2017年6月21日、東京・江戸川区の焼肉店で6月12日の夜に食事をした中学生ら66人のうちの32人が、発熱や腹痛などの食中毒症状を訴えていたことが判明し、保健所の調査で6人の便から食中毒菌「カンピロバクター」が検出されたと発表されました。
「焼き鳥」「鶏レバー」「豚の内臓」などを食べていたそうです。
また2017年6月12日にも、八王子市内の居酒屋で先月の27日に「鳥刺し」などを食べた2グループの男女30人が下痢や発熱、腹痛などの症状を訴えていたことが明らかになり、患者から「カンピロバクター」が検出されたことから提供された食事が原因の食中毒であると断定しました。
「ノロウィルス」による食中毒については過去記事、「トイレットペーパーの三角折りとノロウィルスの脅威」 をご覧頂くとして、「カンピロバクター」は、厚生労働省の平成27年度の統計では「ノロウイルス」の次に報告患者数が多かった食中毒の原因菌です。
「カンピロバクター症」とは?
カンピロバクター症(campylobacteriosis)とは、家畜や家禽(ニワトリ、ウズラ、七面鳥など鳥類の家畜)、ペット、野生動物などの腸管や生殖器に感染する微生物「カンピロバクター属菌」による感染症です。

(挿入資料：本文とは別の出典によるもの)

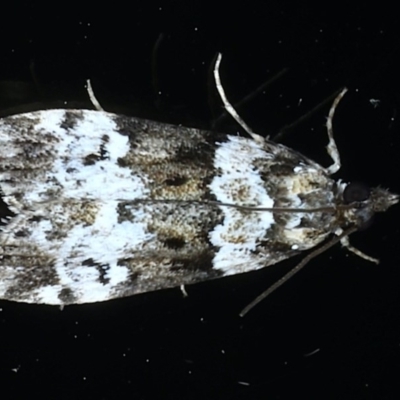 Eudonia protorthra (A Scopariine moth) at Ainslie, ACT - 30 Nov 2020 by jb2602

上記の通り、厚生労働省の平成27年度の統計では「ノロウイルス」に次いで食中毒の報告患者数が多く、発展途上国においては「カンピロバクター」に冒された動物たちにより汚染された河川を利用することで感染、もはやありふれた病気となっています。
「カンピロバクター症」の症状
症状は下痢・腹痛・発熱が主であり、嘔吐・頭痛・悪寒・倦怠感などを伴うこともあります。
潜伏期間は約1~7日で、たいていは1週間ほどで治癒します。
しかしながら「カンピロバクター」による腸炎が完治した数週間後に、「ギラン・バレー症候群」(手足の麻痺や顔面神経麻痺、呼吸困難など)を発症する場合があるため、腸炎症状が治まった後にも注意が必要となります。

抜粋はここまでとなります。